2       The absent member succeeded in the court below and the club appealed. We allowed the appeal and now give our reasons.

3       The rule in question is r 23(c) to which reference will be made later and the absent member in question is the respondent (Hilborne). Although this court has pronounced definitively on the construction and application of r 23(c) in Singapore Island Country Club v Brown [1994] 3 SLR 206 and also approved that part of the judgment which dealt with the construction and application of r 23(c) in Lee Chuen Li & Anor v Singapore Island Country Club [1992] 2 SLR 900, the learned judge took the view that this case, to use his own words, raised certain issues of fact and law not raised in the previous cases, which compelled him to reconsider the views expressed in those cases concerning the operation and effect of the rules of the club. The learned judge’s judgment is reported at [1996] 2 SLR 468.

4       The brief facts are these. Hilborne had practised as an advocate and solicitor in Singapore until his retirement in 1981 and had been a member of the club since 1963. In February 1981, Hilborne notified the club that he was planning to leave Singapore and requested to be placed on the absent members’ list as from March 1981.

5       The club responded to Hilborne’s request by letter dated 16 February 1981. We will set this letter out in full as it embodies r 23(c), as it was then, and it also contains some points of interest which ought to be noted:

Absent Membership

Thank you for your letter dated 12.2.81.

          As requested your name will be placed on the Absent Members’ List with effect from 1.3.81.

          It would be appreciated if you could use cash coupons, instead of signing chits with immediate effect so as to facilitate the Club’s Accounts Section to prepare your statement of accounts and to forward it for settlement prior to your departure in accordance with our Club’s Constitution.

          Please note that reminders are not sent to Absent members and the Rule Re: Absent Members was amended at the Annual General Meeting held on 30 September 1975 to read as follows:

‘Any Ordinary member leaving Singapore for more than one month, and gives notice of his intended departure to the Secretary shall be placed on the list of absentees provided that he has paid all amounts due by him to the Club.

An Absent member shall remain on the Absent member’s list so long as he keeps his account in credit. The fee for Absent members shall be $5/- per month. Such member shall pay the reduced subscription for the period of his absence but shall be liable for the full subscription for the month in which he leaves and the month in which he returns.

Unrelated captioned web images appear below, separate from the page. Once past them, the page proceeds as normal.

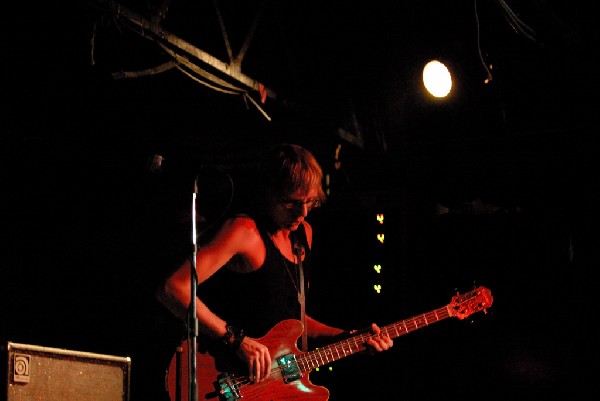 The Blue Van at Emo's, Austin, Tx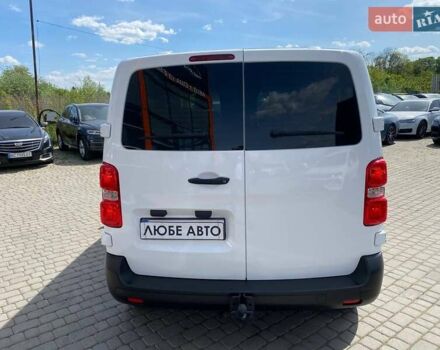 Белый Ситроен Jumpy, объемом двигателя 2 л и пробегом 283 тыс. км за 12900 $, фото 6 на Automoto.ua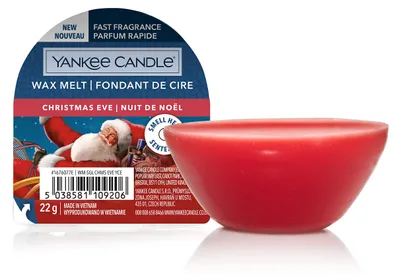 Produktbild von Yankee Candle Duftwachs | Christmas Eve | bis zu 8 Stunden Duft | 1 Stück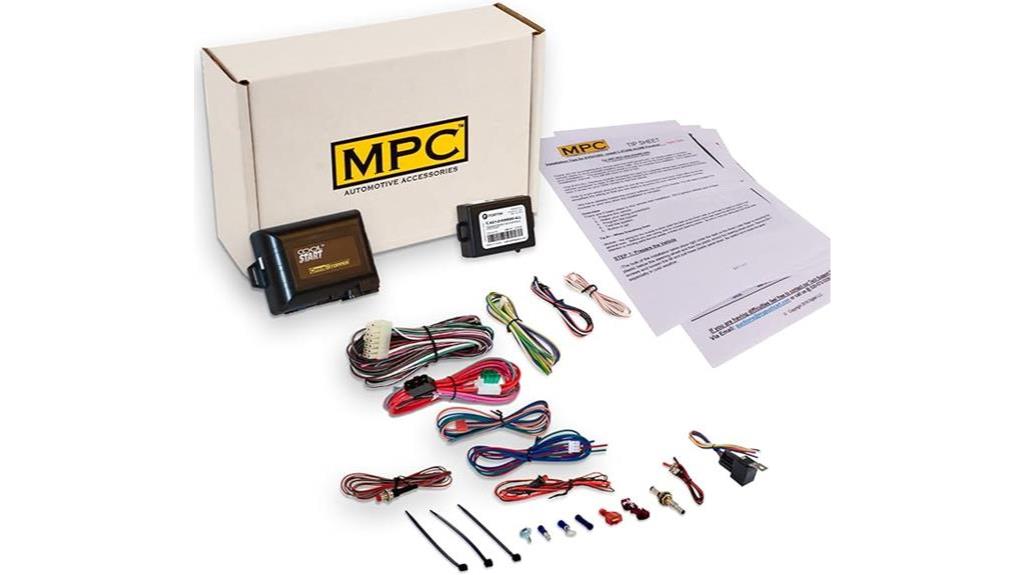 mpc remote start tacoma 2005 2010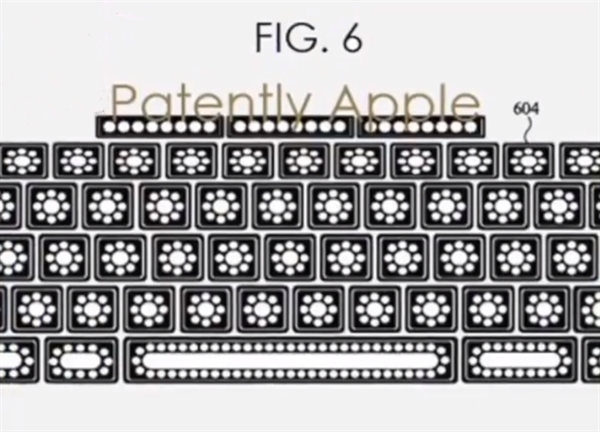蘋果公司申請新專利：“靜態(tài)模式靜電觸覺電極”的新型觸覺鍵盤系統(tǒng)
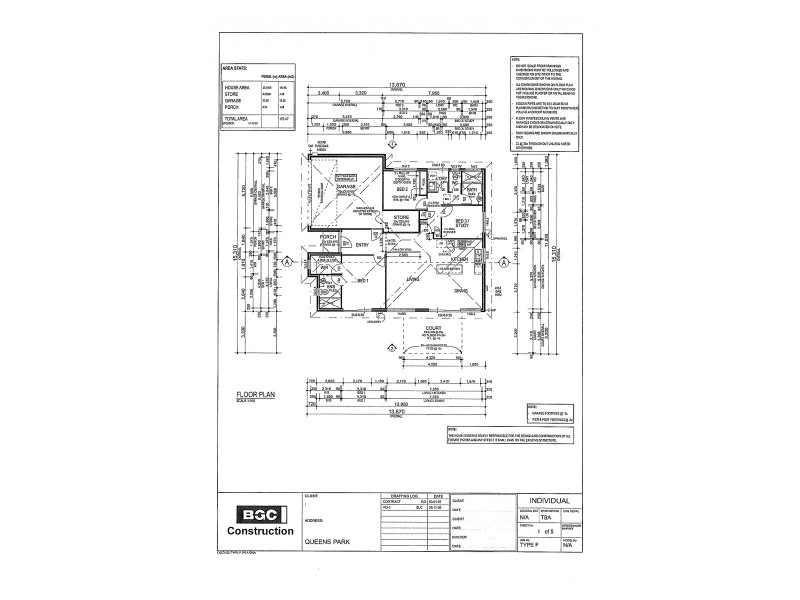Queens Park WA 6107 Floorplan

Should an Absent member during his period of absence be in arrears of his Absent Member’s subscription for a period exceeding twelve calendar months he shall automatically cease to be a member of the Club.

The same privilege is extended to Lady members.’

The onus is therefore on the member to ensure that his membership does not lapse.

          In case you do not receive your statement in time, please telephone the Accounts Section during office hours and we will furnish you with the necessary details, so that you can send us your cheque to settle your account.

          Please be advised that your deposit with the Club cannot be used to off-set your account and will be refunded only when you resign from the Club.

          You will have to inform us when you return to the Republic.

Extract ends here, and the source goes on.